On September 25, 2001 Prof. Zaslavsky, represented by Zell & Co (Adv. Asaf Biger), filed a motion to strike out the statement of claim for lack of legal merit. In the motion, Adv. Biger claimed (among other things) that an expert witness does not owe a conceptual duty of care to the opposing party for expert testimony given in court and that the expert opinion in question was part of testimony given in court. The plaintiffs responded by claiming their case was based on the longstanding rule that an expert owes a conceptual duty of care for an expert opinion, first laid down by the Supreme Court in the early 1950’s in the matter of Weinstien v. Kadima. The plaintiffs further claimed that the written opinion in question was not part to be regarded as testimony given in court. During the hearing that took place on January 21, 2002, the parties agreed to limit their arguments to the question of the whether or not Prof. Zaslavsky owed the plaintiffs a conceptual duty of care, while the defendant reserved his right to raise the rest of his preliminary arguments (including the argument that the claim of fraud should also be stricken out for lack of legal merit) at a future date.

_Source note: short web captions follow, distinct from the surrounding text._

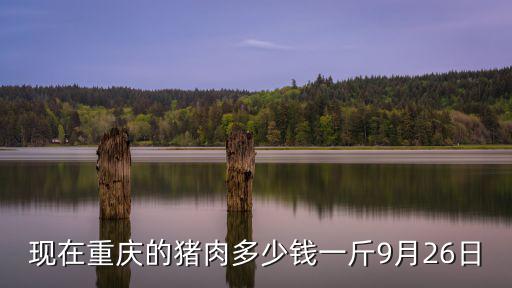 現(xiàn)在重慶的豬肉多少錢一斤9月26日
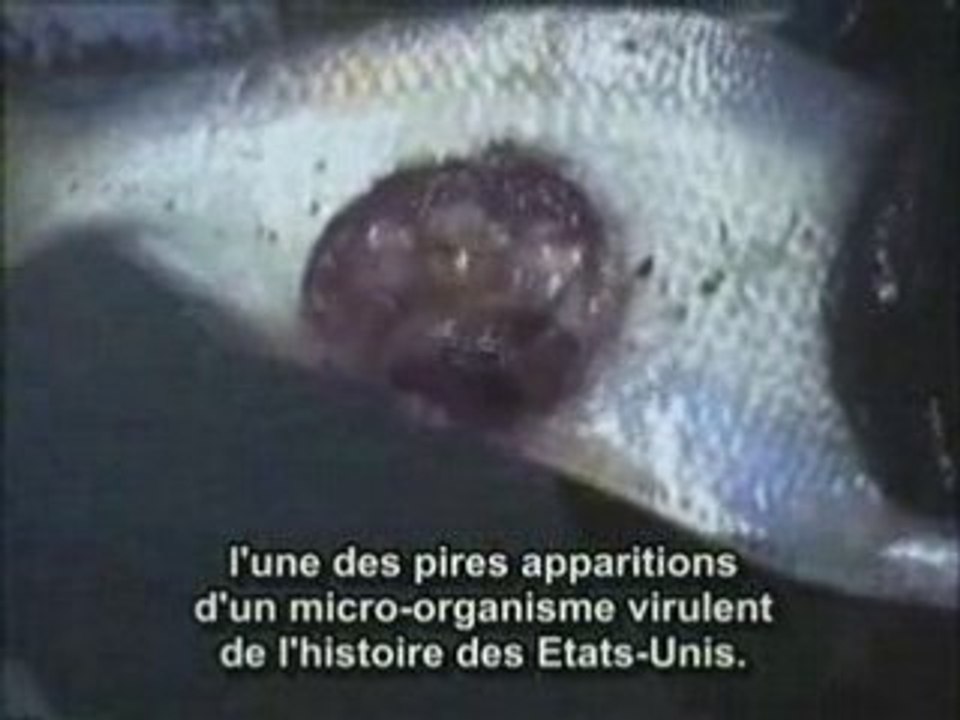 La peche extrait earthlings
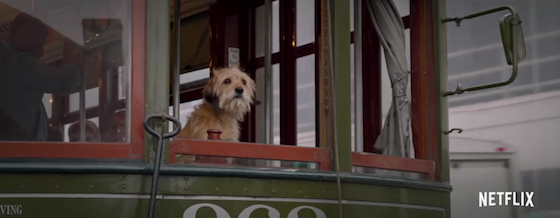 Benji - Movie Trailer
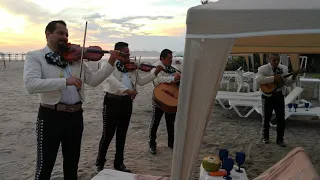 MARIACHI DE ACAPULCO TOCANDO UNA SERENATA EN PLAYA DIAMANTE. TEL 744-250-2305 WHATSAPP 744-469-7988.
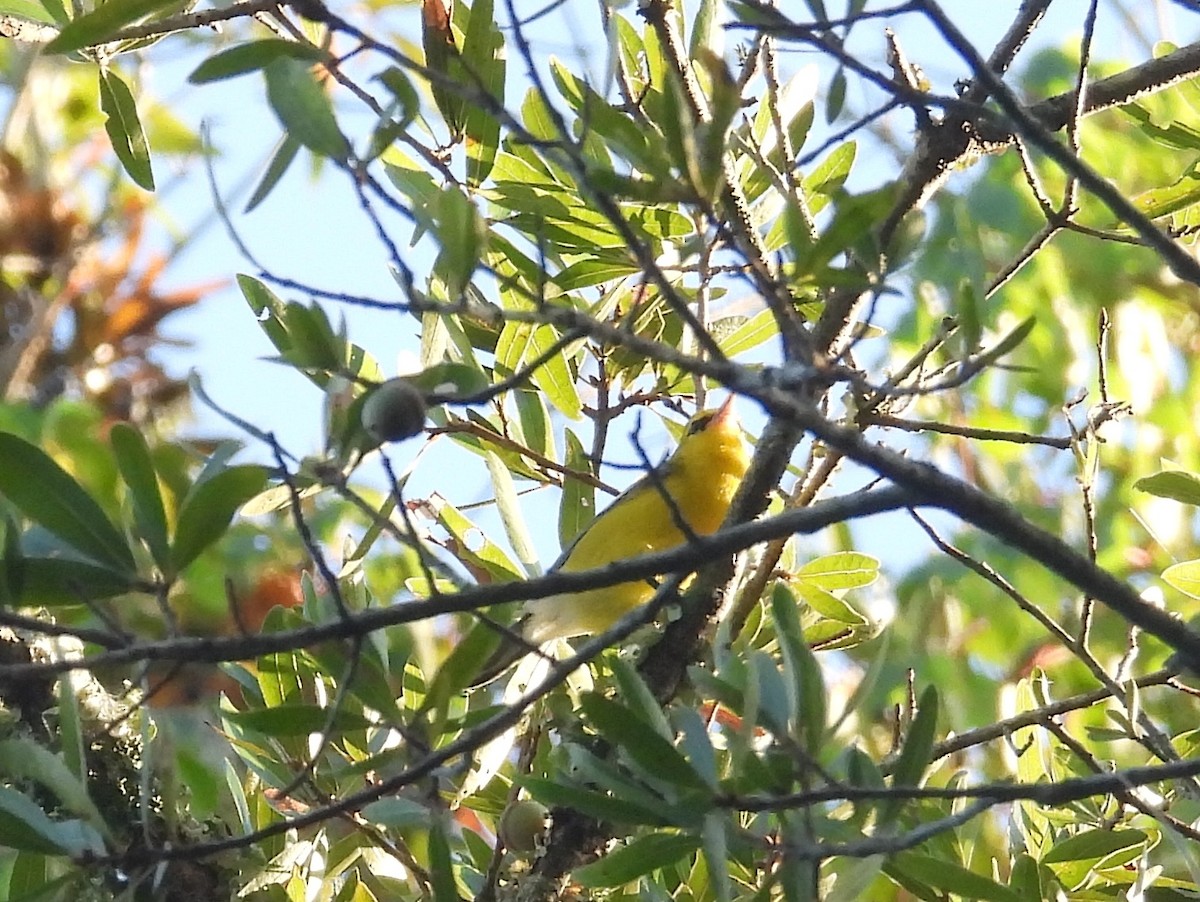 Blue-winged Warbler - Christine Rowland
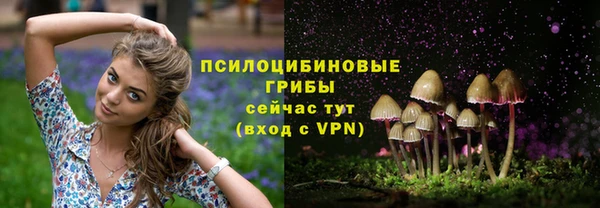 jwh Кукмор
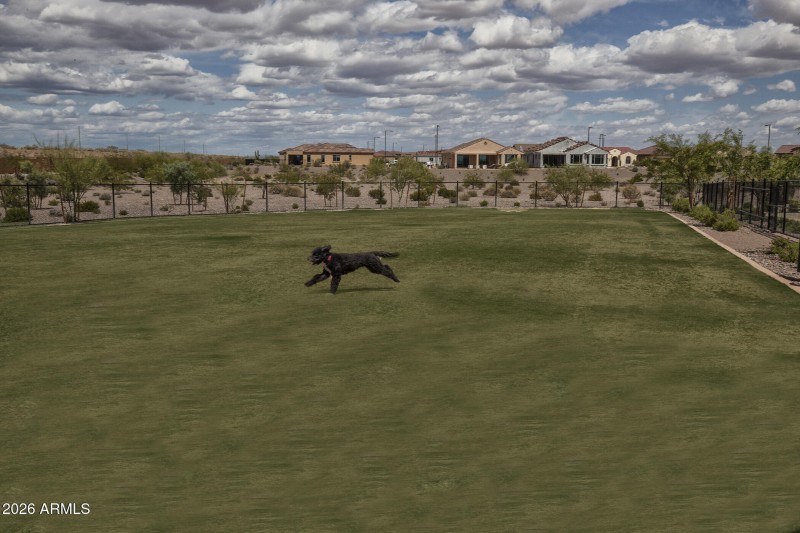 Dog Park_4927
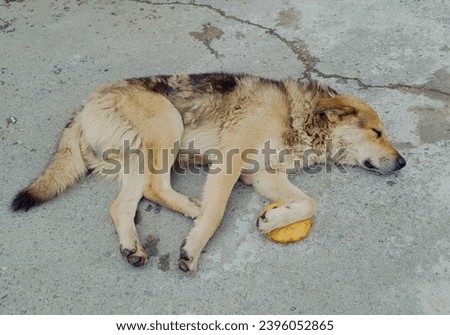 Mongrel dog lies on sidewalk, clutching bun with his paw. Mutt sleeps on asphalt near belyash. Passers on street threw a fried meat pie to dog. Big beautiful fluffy stray dog. High quality photo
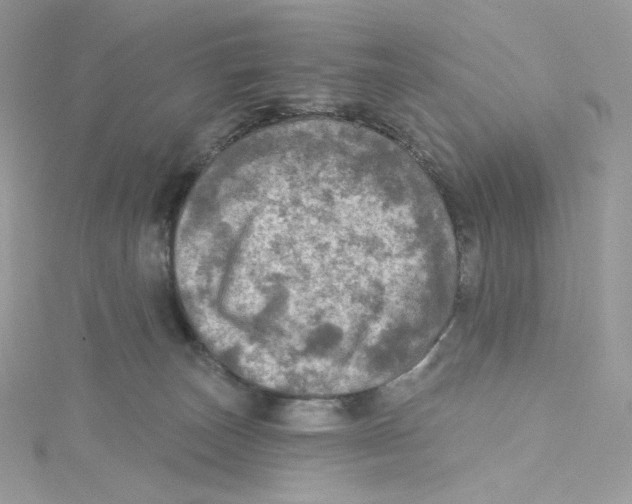 X0000114650179200911171058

In a landmark decision, the District Court accepted Zell & Co’s motion to strike out the negligence for lack of legal merit, stating that an expert witness who testifies on behalf of one party does not owe a conceptual duty of care to the opposing party for a written opinion submitted by the expert in court. Judge Schitzer accepted Adv. Biger’s position that two of the prerequisites for applying the Weinstien v. Kadima rule did not apply in such cases, namely that: (a) an expert witness did not intend and could not reasonably foresee that the opposing party would rely on his expert opinion; and (b) an expert witness could reasonably assume that his expert opinion would be subject to interim examination, i.e. by the court to which it was submitted. Subsequently, Judge Schitzer struck out the claim for negligence and awarded costs to Prof. Zaslavsky.

At this point and subject to the possibility of appeal, the only remaining matter is the claim of fraud against Prof. Zaslavsky.